Whatever tomorrow brought, whatever dangers or revelations were waiting for us in the levels above, I was grateful to face them with him beside me.
Even if he was snoring.
CHAPTER 6
TORVEN
Iwoke to the sound of wind still howling outside the tower, though it was notably less violent than the day before. For a moment, I was disoriented, unsure where I was or why every muscle in my body ached. Then awareness returned, along with the warmth of another body pressed against my side.
Zara Rivers.
She was still asleep, her face peaceful and slack. Her full lips were parted. Sometime during the night, she’d moved closer. Her hand rested on my arm and her head nearly touched my shoulder. Her blond hair had come loose from its ponytail, falling across her cheek in waves that caught the dim light filtering through the window. She was pretty, but not in a way that was considered conventional by human standards—what little I knew of them. Zara had the look of someone who was a little wild. Some would say, a littleoff. Her eyes tended to flash all around when she was thinking through something. She overexplained things. She did notworry about things like her hair, which she seemed to do battle with on a daily basis.

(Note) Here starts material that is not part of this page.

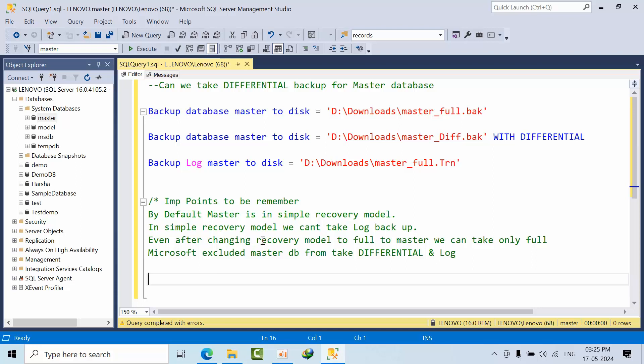Whenever we are doing any patching, first we will take the full backup of the system databases. That's the reason we didn't concentrate on differential or log backups of the master database.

In sleep, however, the determined set of her jaw had relaxed, revealing the delicate curve of her bone structure. Her skin was pale, almost luminous in the morning light, with a faint flush across her cheekbones. Dark lashes twitched against her cheeks. There was something vulnerable about her when she slept, and it was so different from the slightly scattered but sharp-minded scientist I’d come to know. She looked younger and smaller than when awake—though that might have been because she was curled against my side like she was seeking warmth and protection. The sight of her sleeping so peacefully beside me sent an unexpected surge of protectiveness through my chest. I found her unbearably attractive.
I knew I should move away. Put some distance between us before she woke up and realized how close we’d gotten during the night. Instead, I found myself studying her face, noting the little details I couldn’t observe when she was awake because I didn’t want her to catch me staring at her. So, I stared now.
I couldn’t bring myself to regret our proximity. For the first time since we’d crashed, I felt something other than grim determination and fear. There was warmth here, and comfort, and the kind of peace I hadn’t experienced in years.